Yes. I lived through it in the 1970s. I lived through it in the seventies, and we experienced that throughout the seventies. Central banks and senior decision-makers were saying it was under control, and in fact, wage and price controls were declared, six per cent and five per cent, in 1974. Then, when they were taken off, it kept ratcheting up, and we know where it ended.
I was the mortgage manager of the fourth-largest branch of the Bank of Montreal in Canada, at the Ottawa main office. You, the House of Commons, went and bought that building, by the way. It's now the parliamentary reception centre. I worked there when rates were at 20%. I'm not suggesting we're going to 20%; I'm not suggesting that at all. I'm simply saying that when you let the genie out of the bottle—and I'm talking about the inflation genie out of the bottle—it's very difficult to put the genie back in the bottle unless you take quite draconian measures.

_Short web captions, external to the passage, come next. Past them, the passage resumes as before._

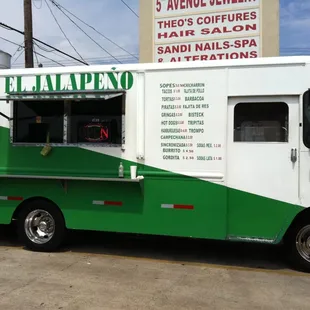  green and white food truck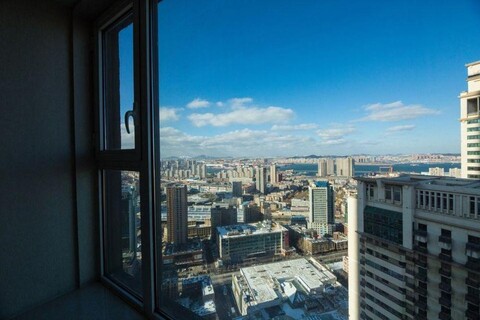 Ganghui Four Seasons Hotel Apartment (Dalian Railway Station Zhongshan Square)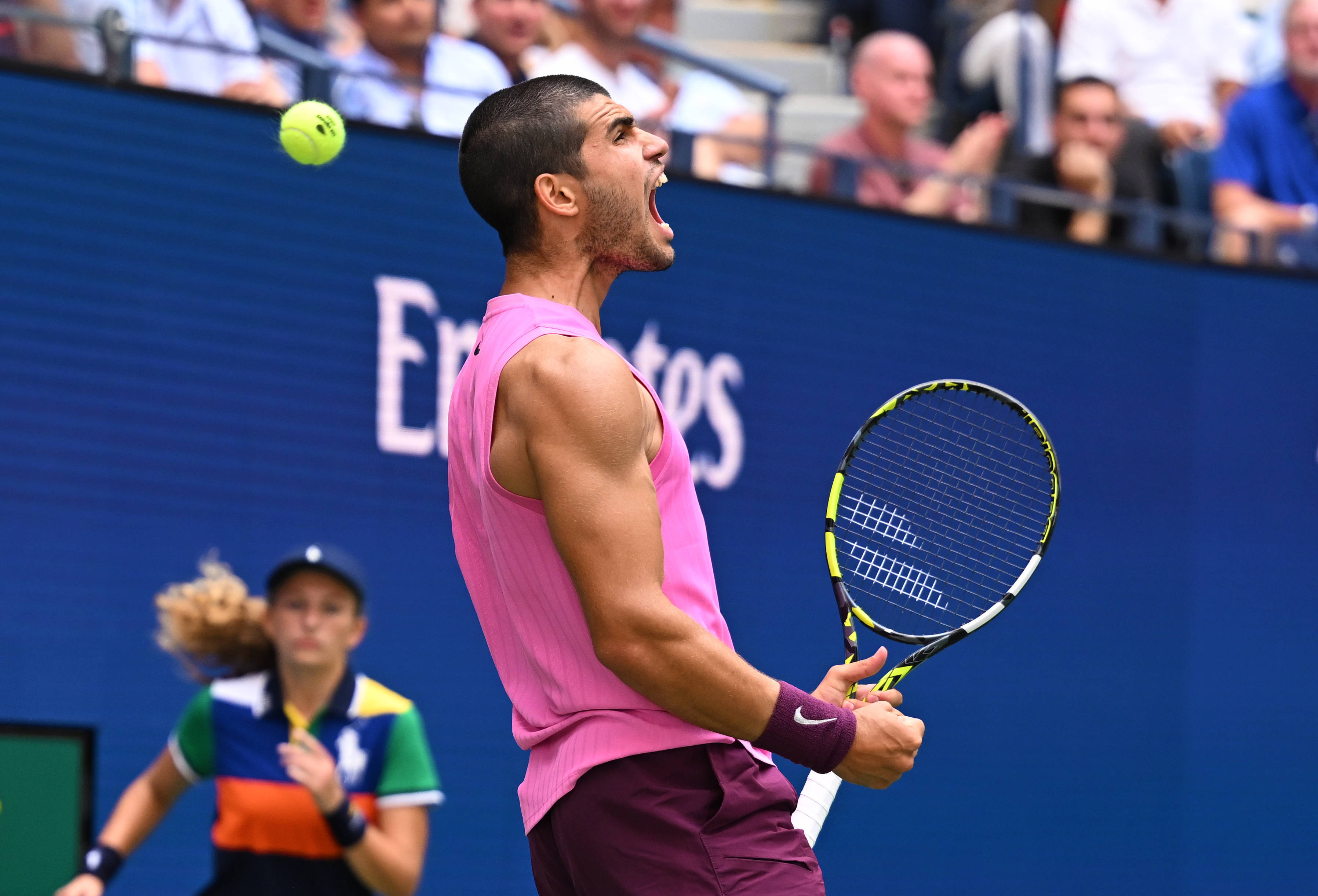 关于年终总决赛力克拉沃尔杯，阿尔卡拉斯惊艳四座的信息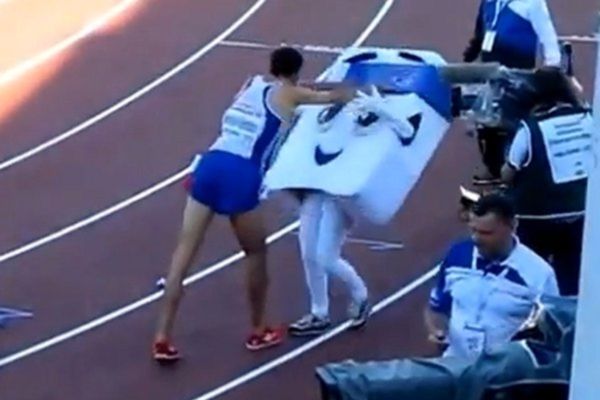 Τα έβαλε με τη μασκότ ο Μπενεμπάντ (video)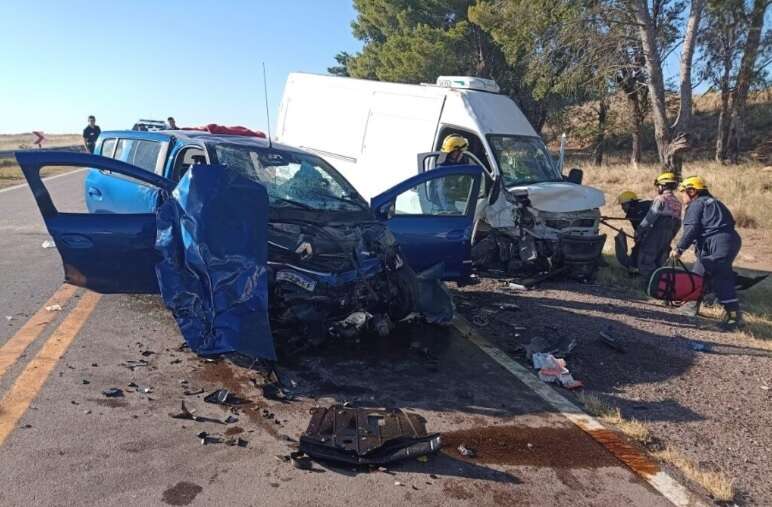 Fuerte choque frontal en la RN 35 dejó tres lesionados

That's not an opinion or a theory. We can look at the 1970s and where it ended up in 1980, and it took interest rates to 20% with Paul Volcker, and it caused the worst recession in North America since the Depression.
So yes, there are solutions to inflation, but they're very, very painful, and sometimes I think it's much better to be pre-emptive and say we won't let the genie out of the bottle; we'll hit it before it has taken off, because, if we postpone and kick it down the road, it will be worse. The solutions will become worse.